Breakerspace illuminates the mysteries of materials

Days before the opening of the Breakerspace, a new laboratory and lounge at MIT, actor and rapper Jaden Smith tried out the facility’s capabilities, putting his bracelet under a digital optical microscope. On the screen in front of him was a 3D rendering of woven threads, each strand made up of smaller strands, with specks of matter dotting the surface.

“His eyes just lit up,” says Professor Jeffrey Grossman, the Morton and Claire Goulder and Family Professor in Environmental Systems in the Department of Materials Science and Engineering (DMSE). Smith used a mouse-operated control to home in on the strands, magnifying them 8,000 times. Grossman recalls, “In four minutes, Jaden said, ‘That could be my next album cover.’”

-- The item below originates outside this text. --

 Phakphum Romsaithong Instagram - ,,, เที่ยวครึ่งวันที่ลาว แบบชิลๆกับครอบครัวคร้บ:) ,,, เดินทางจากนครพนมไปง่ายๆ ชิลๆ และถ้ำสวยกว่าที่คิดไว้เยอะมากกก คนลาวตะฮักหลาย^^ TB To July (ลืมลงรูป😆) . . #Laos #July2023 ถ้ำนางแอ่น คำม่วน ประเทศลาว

Grossman and Smith have stayed in touch since 2017, when the then-19-year-old star toured campus and sat in on class 3.091 (Introduction to Solid-State Chemistry), which Grossman was teaching at the time. When Smith called in October to say he would be in Cambridge, Grossman invited him to test drive the Breakerspace, which he describes as a hand-on materials exploration space for all undergraduates, regardless of major.

“Curiosity of what the world is made of transcends all disciplines,” Grossman says. “Jaden’s not a material scientist, but he got inspired. And there’s a lot of potential for the space to do that for our students, across disciplines.”

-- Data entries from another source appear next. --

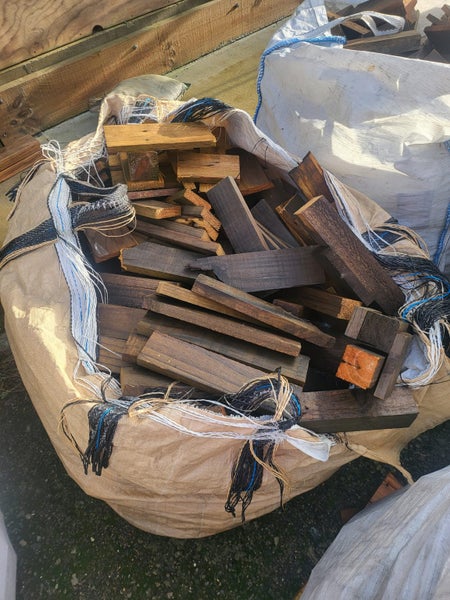HOBBYIST / ENTHUSIAST / FIREWOOD - HARDWOOD - 1m3 BAG ( 2 bags ) Carousel 1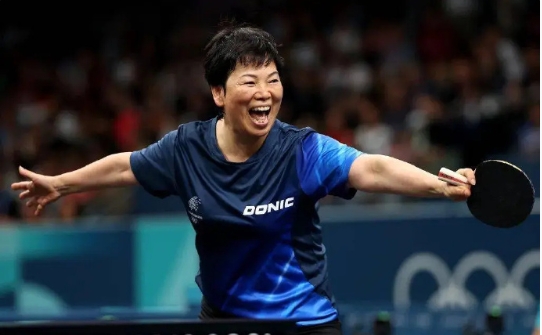 64岁的夏莲奶奶休养半年，骨折痊愈，宣布复出。她说，“结果固然重要，但享受过程才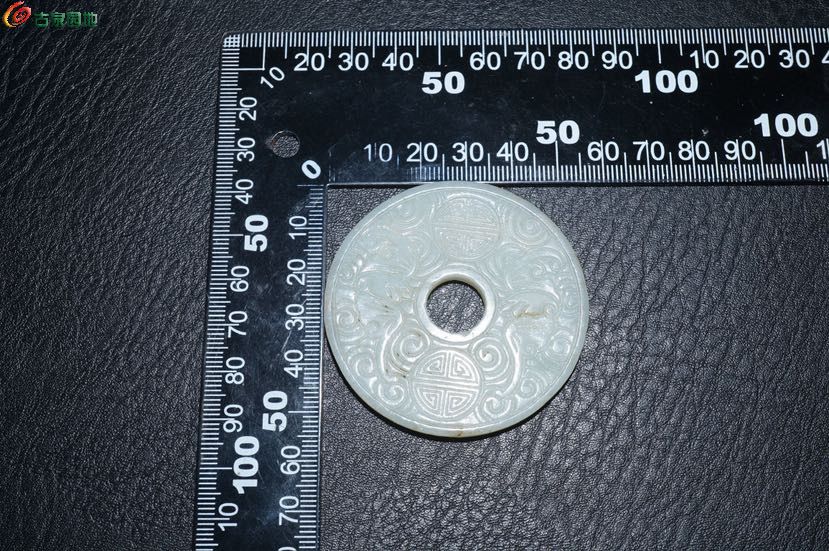 和田玉满工福寿玉璧挂件8.jpg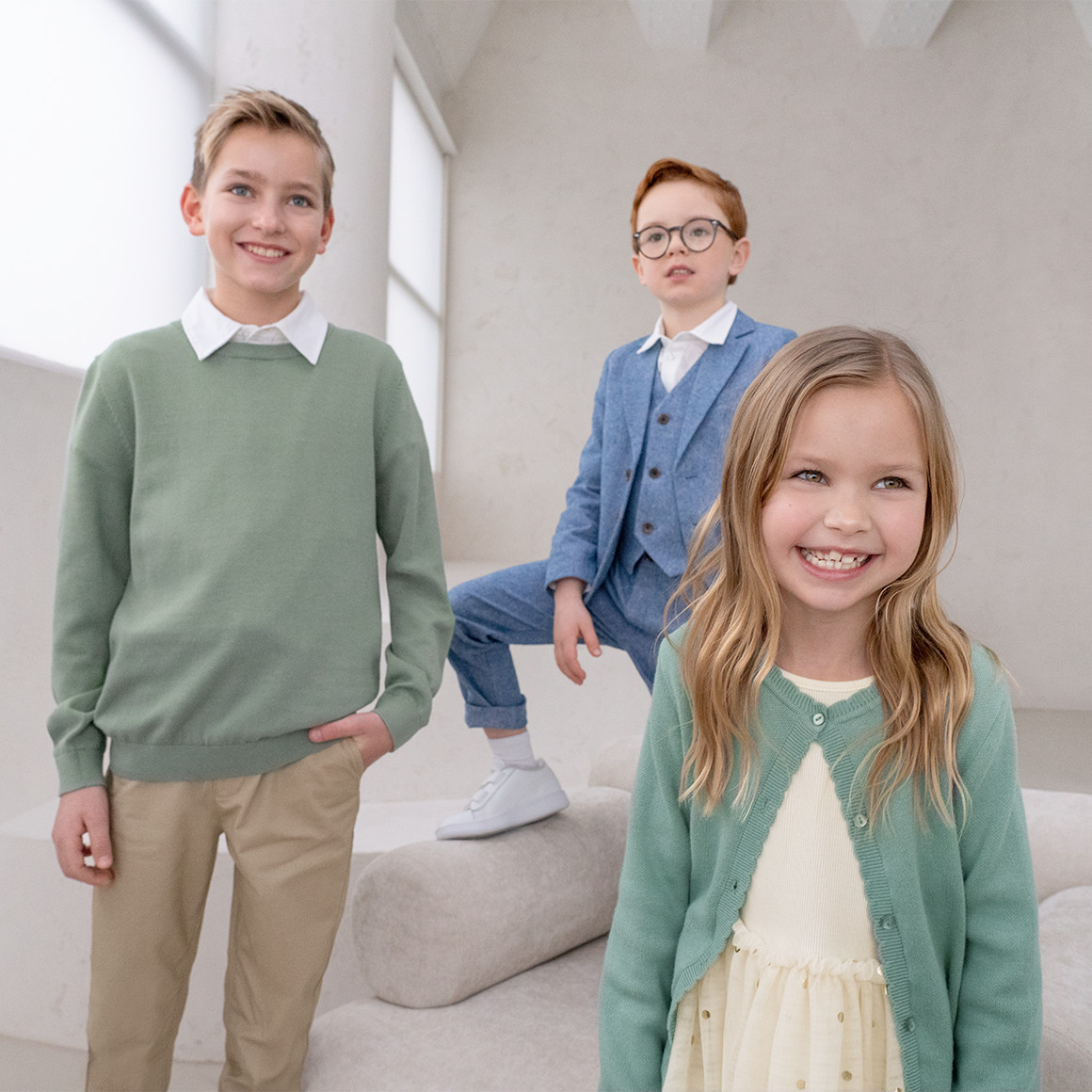 Yigga Jungen Pullover aus Feinstrick oliv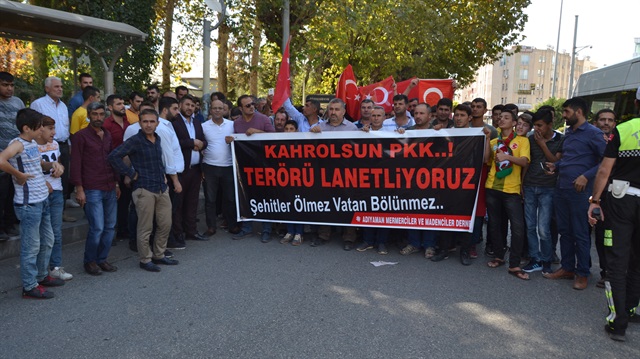 Vatandaşlar, "Şehitler ölmez, vatan bölünmez" ve "Kahrolsun PKK" sloganları attı.
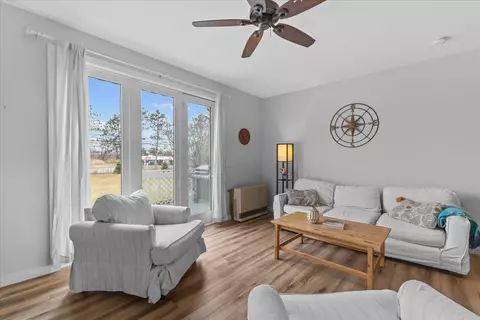 Living - 433 Westview Cir, Williston, VT 05495 photo 3 of 8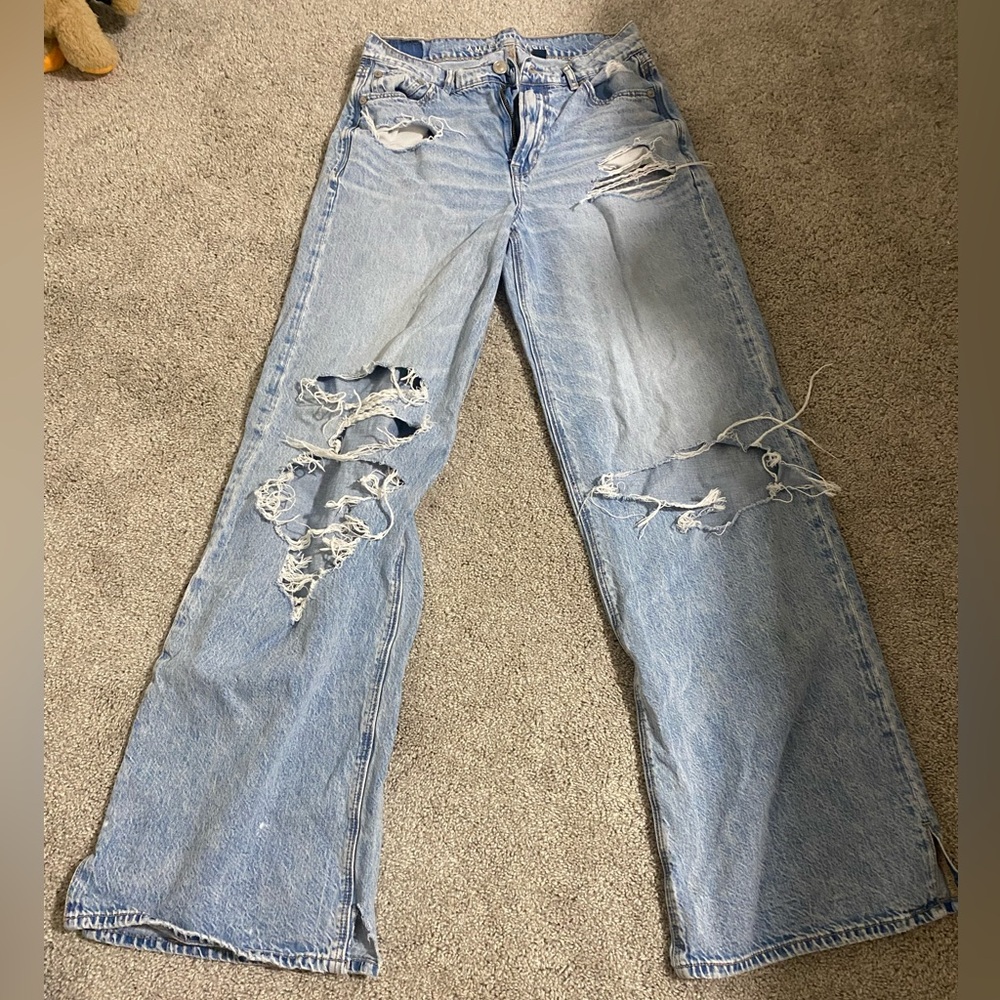 American Eagle Distressed Light Blue Women's Jeans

The Breakerspace, equipped with microscopes and other instruments for exploring the composition, structure, and behavior of materials, is the “crown jewel” of DMSE’s strategic vision, Grossman says. The aim is to highlight materials science and engineering — an interdisciplinary field that incorporates chemistry, physics, and engineering principles to understand the materials that make up the world — and articulate its impact.

“Our discipline is about unraveling the mysteries of materials at the atomic level and then using that knowledge to tackle some of the world’s most pressing challenges — in energy, manufacturing, computing, health care, and more,” says Grossman, who until August was DMSE’s department head. “The Breakerspace is all about sharing that excitement and exploration.”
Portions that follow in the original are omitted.